■ Assignment
Although the records contain pictures, none belong in the copy: restate word for word only the lines from the one with "Tip number nine: support" through the one with "On the General", both included.

■ Material for the task
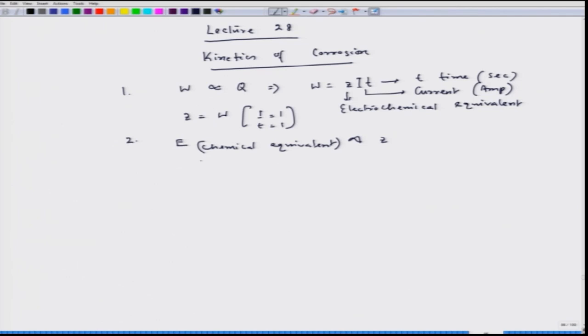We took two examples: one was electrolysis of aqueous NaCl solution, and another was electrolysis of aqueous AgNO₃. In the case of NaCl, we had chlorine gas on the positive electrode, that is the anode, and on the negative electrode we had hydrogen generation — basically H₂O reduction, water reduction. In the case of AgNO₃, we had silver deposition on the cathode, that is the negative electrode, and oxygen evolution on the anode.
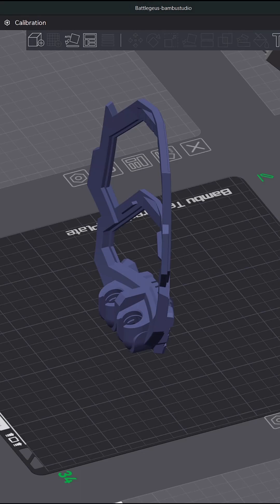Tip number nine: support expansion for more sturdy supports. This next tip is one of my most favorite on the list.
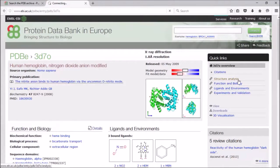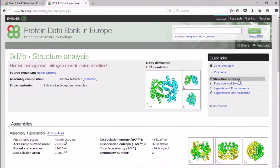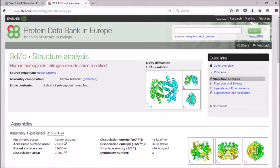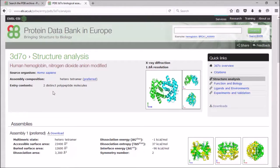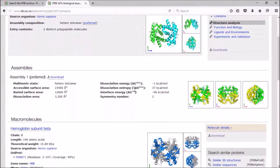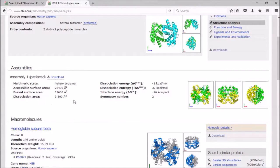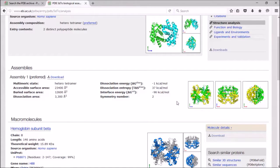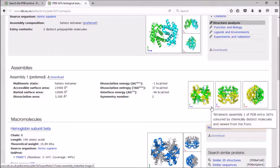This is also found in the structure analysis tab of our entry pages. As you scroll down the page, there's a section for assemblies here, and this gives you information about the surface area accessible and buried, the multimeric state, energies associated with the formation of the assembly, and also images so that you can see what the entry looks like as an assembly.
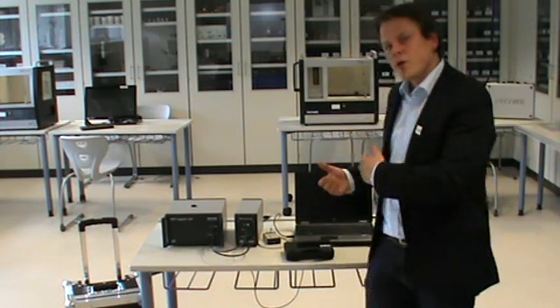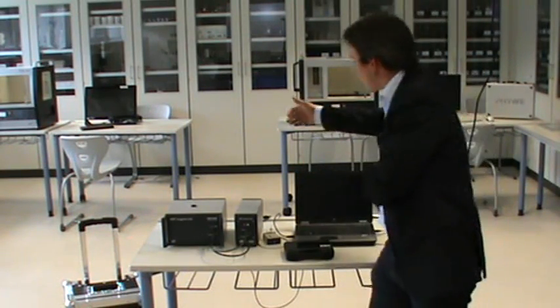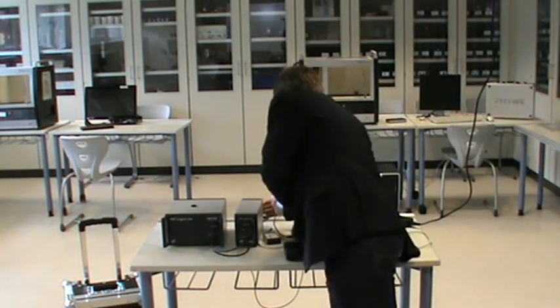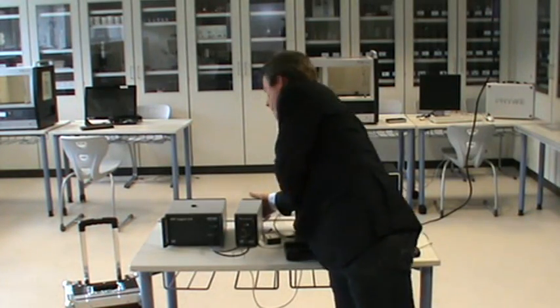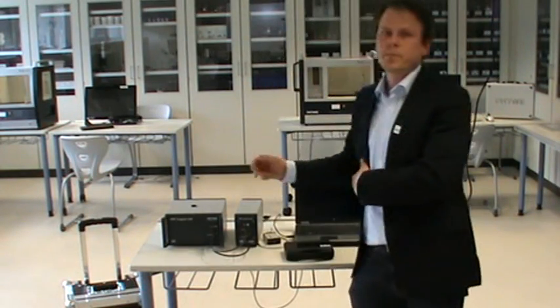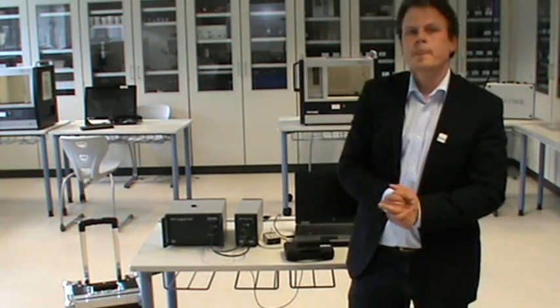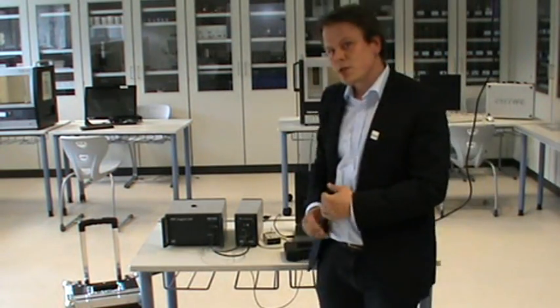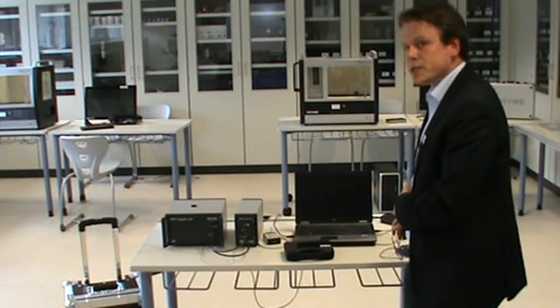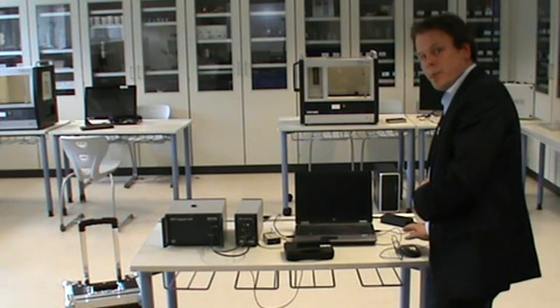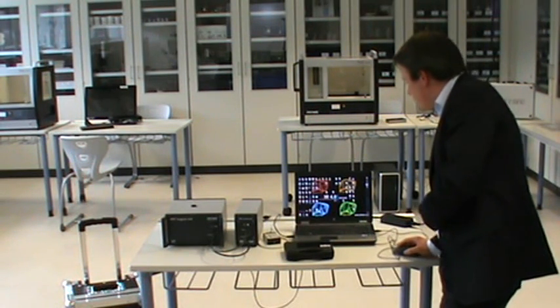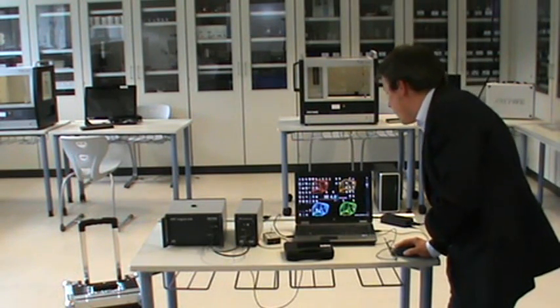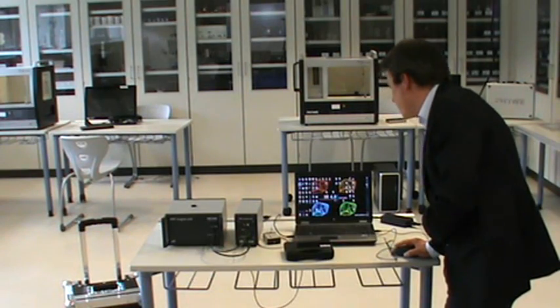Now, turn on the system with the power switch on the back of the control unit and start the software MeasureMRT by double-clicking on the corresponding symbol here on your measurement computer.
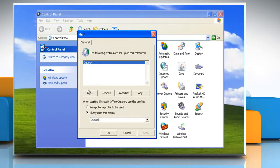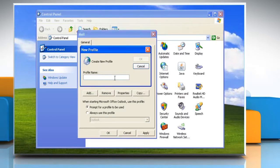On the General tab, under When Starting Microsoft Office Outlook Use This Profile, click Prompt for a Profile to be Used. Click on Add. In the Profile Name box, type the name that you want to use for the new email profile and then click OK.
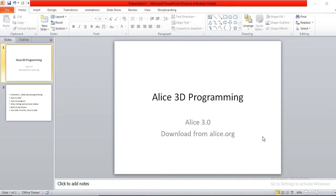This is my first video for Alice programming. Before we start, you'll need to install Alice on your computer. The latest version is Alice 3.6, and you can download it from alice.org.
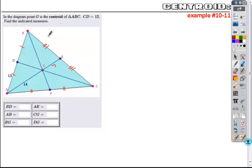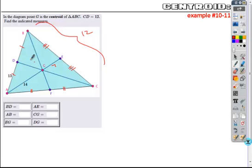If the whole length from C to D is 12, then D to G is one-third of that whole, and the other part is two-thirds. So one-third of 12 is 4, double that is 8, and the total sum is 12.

■ Exercise output
Tip number nine: support expansion for more sturdy supports. This next tip is one of my most favorite on the list.
This is also found in the structure analysis tab of our entry pages. As you scroll down the page, there's a section for assemblies here, and this gives you information about the surface area accessible and buried, the multimeric state, energies associated with the formation of the assembly, and also images so that you can see what the entry looks like as an assembly.
Now, turn on the system with the power switch on the back of the control unit and start the software MeasureMRT by double-clicking on the corresponding symbol here on your measurement computer.
On the General tab, under When Starting Microsoft Office Outlook Use This Profile, click Prompt for a Profile to be Used. Click on Add. In the Profile Name box, type the name that you want to use for the new email profile and then click OK.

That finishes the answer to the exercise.